Beim Einschneiden der Würste ist den Jungs der Schriftzug auf dem Sackmesser aufgefallen. Es hat meinen Namen eingraviert. Dieses Messer ist mein Lieblingssackmesser. Vier Jahre vor seinem Tod hat mein Grossvater uns zu seinem Achtzigsten ein graviertes Sackmesser geschenkt. Jedem einzelnen von seinen vierzehn Enkelkindern liess er ein Exemplar gravieren. Eine wundervolle Geste, auch wenn man Messer eigentlich nicht verschenken soll. In diesem Fall ist es ja gut gegangen.

 

Meine Kinder haben so aber bemerkt, dass wir mehrere Sackmesser haben. «Mami, wie viele Sackmesser haben wir eigentlich?», fragte unser älterer Sohn. Ich wusste es nicht. Wieder im Haus haben wir angefangen die Sackmesser zusammenzutragen. Wir durchsuchten Schubladen, Jackentaschen und Rucksäcke. So brachten wir in relativ kurzer Zeit elf Taschenmesser zusammen. Messersets in diversen Formen und Farben. Fasziniert betrachteten wir die verschiedenen Ausstattungen der Messer. Normalerweise hat man ja einfach nur eines oder zwei dabei. Sie hier einmal nebeneinander zu sehen und ihre Ausstattungen zu vergleichen war also schon interessant. Wie viele Messer sind dabei, hat es einen Korkenzieher oder einen Schraubenzieher? Hat es einen Kugelschreiber oder eine Nagelfeile? Wie steht es mit Zange, Schere und Büchsenöffner?

 

Bei der Betrachtung der Messer ging mir durch den Kopf, dass das wohl eine sehr typisch schweizerische Angelegenheit ist. Ich habe alleine drei dieser Messer in meinem Schreibtisch gefunden. Wer sonst hat Taschenmesser im Büro? Das muss eine Schweizer Eigenheit sein!

 

Und wie viele Sackmesser Geschichten es zu erzählen gäbe! Zum Beispiel damals in Finnland, als ich mit meiner Gastfamilie zu einer öffentlichen Brätlistelle ging und dort auf eine andere Finnische Familie traf. Der Sohn der Familie zückte stolz sein Schweizer Taschenmesser und mühte sich dann umständlich und gefährlich mit einer spitzen, metallischen Grillgabel ab um die Klinge aus ihrer Versenkung zu holen. Ich habe mich ihnen dann vorgestellt und dem Jungen gezeigt, wie man das mit dem Fingernagel hinbekam.

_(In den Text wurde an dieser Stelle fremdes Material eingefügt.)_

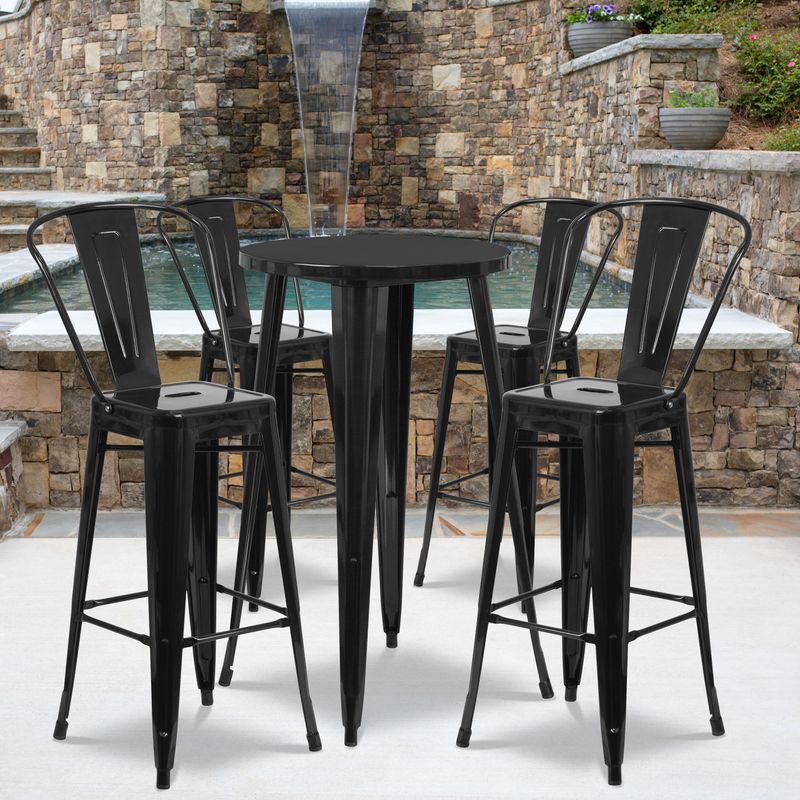 24'' Round Metal Indoor-Outdoor Bar Table Set with 4 Cafe Stools - 24"W x 24"D x 41"H - Silver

Und wie man das Messer dann auch wieder sicher versorgen konnte. Ein geniales Gefühl. Ich konnte dem Jungen helfen, einfach weil ich halt mit Sackmessern aufgewachsen war. Natürlich war das auch bei mir ein Lernprozess. Wahrscheinlich hat jede Schweizerin und jeder Schweizer irgendwo eine Narbe am Finger, die sie oder er sich durch ein Taschenmesser zugezogen hat. Mit diesen Geschichten verschone ich euch aber.

 

Bei diesem Gedanken kam in mir die Frage auf, ob die Jungs jetzt wohl genug alt wären für ein eigenes Taschenmesser. Eigentlich, sind sie im Umgang damit ja schon recht sicher. Andererseits fürchte ich mich etwas davor ihre Narbengeschichten live mitzuerleben. Wie alt war ich wohl bei meinem ersten Messer? Es ist das schwarze mit nur einer Klinge. Wie lange habe ich es wohl schon? Wie dem auch sei. Es fehlen uns noch zwei, die wir auf die schnelle nicht fanden. Das Sackmesser mit dem Logo vom Schweizer Bauern und mein zweitliebstes Sackmesser, dasjenige, welches ich am Knabenschiessen gewonnen hatte. Ich glaube ich muss noch im Gartentisch nachschauen oder den roten Rucksack genauer untersuchen. Irgendwo sind sie sicher und dann haben wir unsere Sammlung wieder komplett.